Thanks for the update. I hope everyone makes a full recovery. Colleague was really worried about the bleeding horse.


----------



## MyBoyChe (8 July 2013)

Yes, thanks for the update.  Hadnt heard about this until I saw it on here.  Local to me and wondered if it was someone who had been to MK Event, there were a lot of boxes and trailers around yesterday.  I take it you mean a human paramedic saved the horse, what a star!


----------



## _jac_ (8 July 2013)

Thank you for the update x


----------



## Copperpot (8 July 2013)

The horse is having an operation today for internal bleeding to the head. Fingers crossed for him.


----------



## _GG_ (8 July 2013)

Oh blimey. Fingers and everything crossed for him.

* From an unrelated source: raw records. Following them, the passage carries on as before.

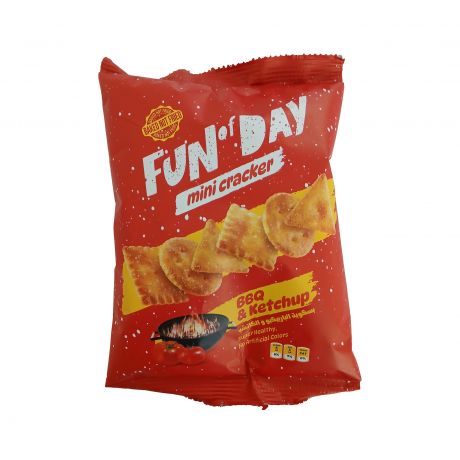 مینی کراکر باربکیو و کچاپ FUN of DAY فان و دی 50 گرمی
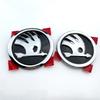 2025 New 2Pcs 80mm 90mm Emblem For Skoda Fabia 1 2 Octavia A7 RS Superb Rapid Yeti Karoq Vision Car Head Front Rear Boot Tailgat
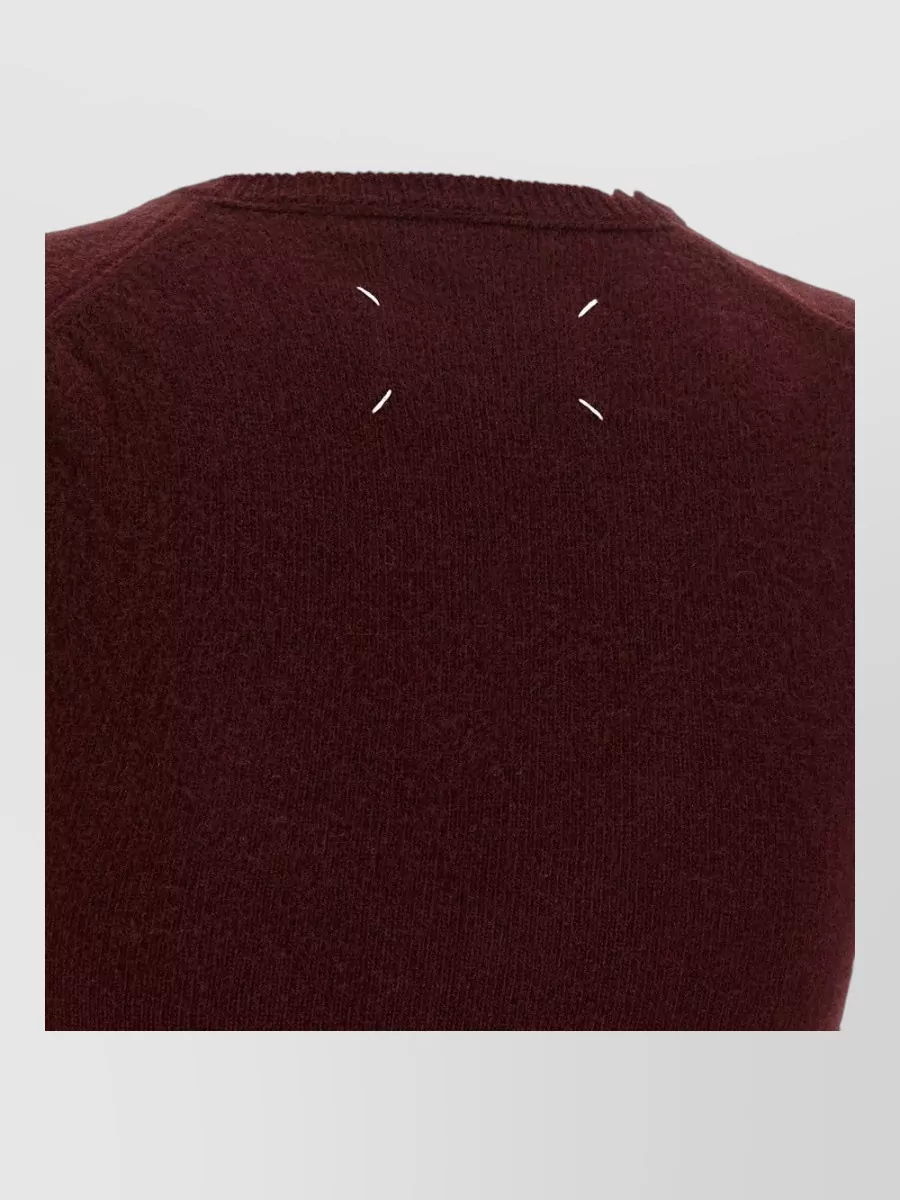 Maison Margiela Wool Distressed V-Neck Sleeveless Jumper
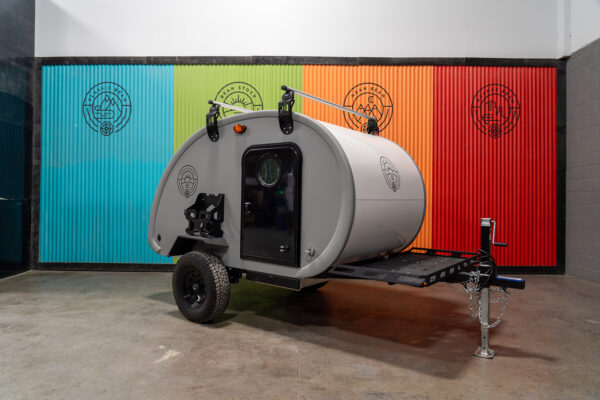 Bean Stock 2.0 Off-Road Teardrop Camper Trailer Lightweight, Adventure-Ready, Light Grey, I-201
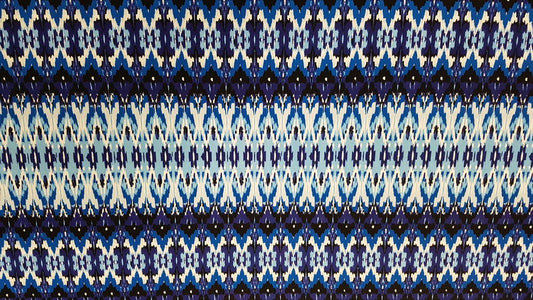 Badpakken Lycra Blauwe Ikat Soys Kantjeboord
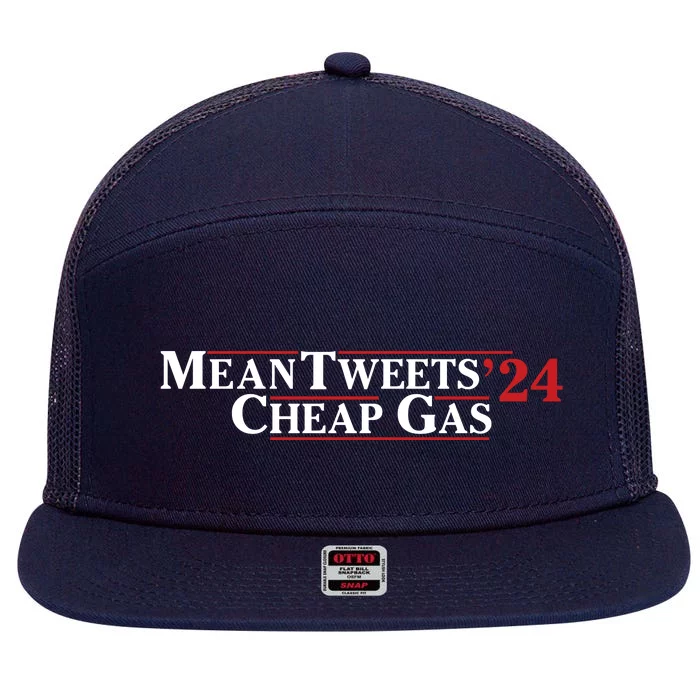 Mean Tweets Gas 2024 7 Panel Mesh Trucker Snapback Hat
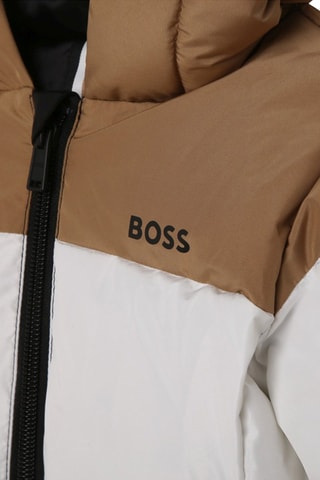 Gewatteerde Jas met Capuchon - Bruin en Zwart - Boss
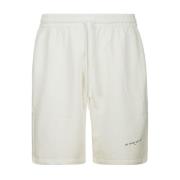 Logo Detail Katoenen Trekkoord Shorts IH NOM UH NIT , White , Heren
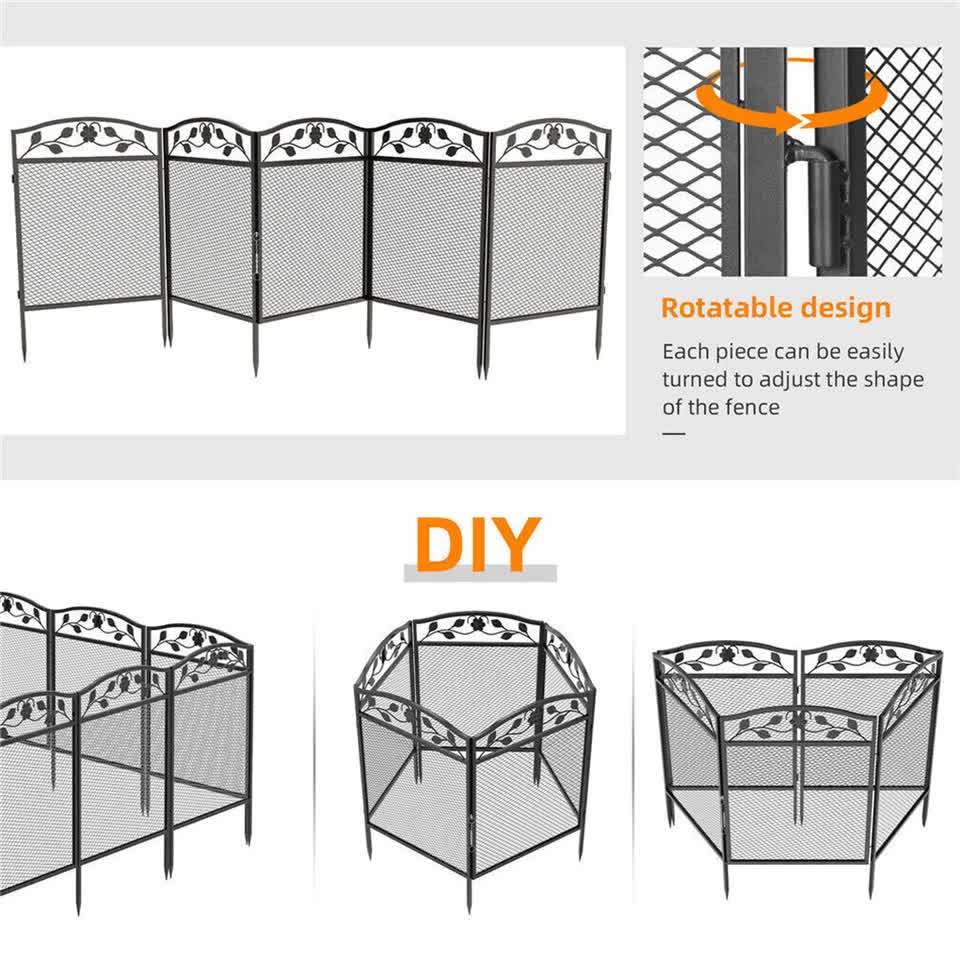 Fin Heavy Duty Dog Play Pen Enclosure Whelping Cage With Fertility Mat Puppy Playpen 60x110cm - Image 6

Thanks for the updates. Amazing to get bleeding stopped on site.


----------



## Copperpot (8 July 2013)

When I hear how he gets on I will let you know.


----------



## _jac_ (8 July 2013)

Everything crossed for him.  I felt so helpless seeing it and being unable to be of any help.


----------



## lisag8 (9 July 2013)

Hi All, 
I am a very close friend to the people that were involved in this accident, and as much as i know they appriciate and are grateful for all of your very kind words. 
There has been a large amount of incorrect information given regarding the accident, including on this thread, so they would appriciate for people to only update with information that they are sure to be correct. 
Many thanks


----------



## maree t (9 July 2013)

People are just concerned and asking for news of how people and horses are . i dont care how it happened unless there is something to be learnt from it but would like to know that everybody is ok. travelling our precious horses is very scary at the best of time. I am wishing them all well


----------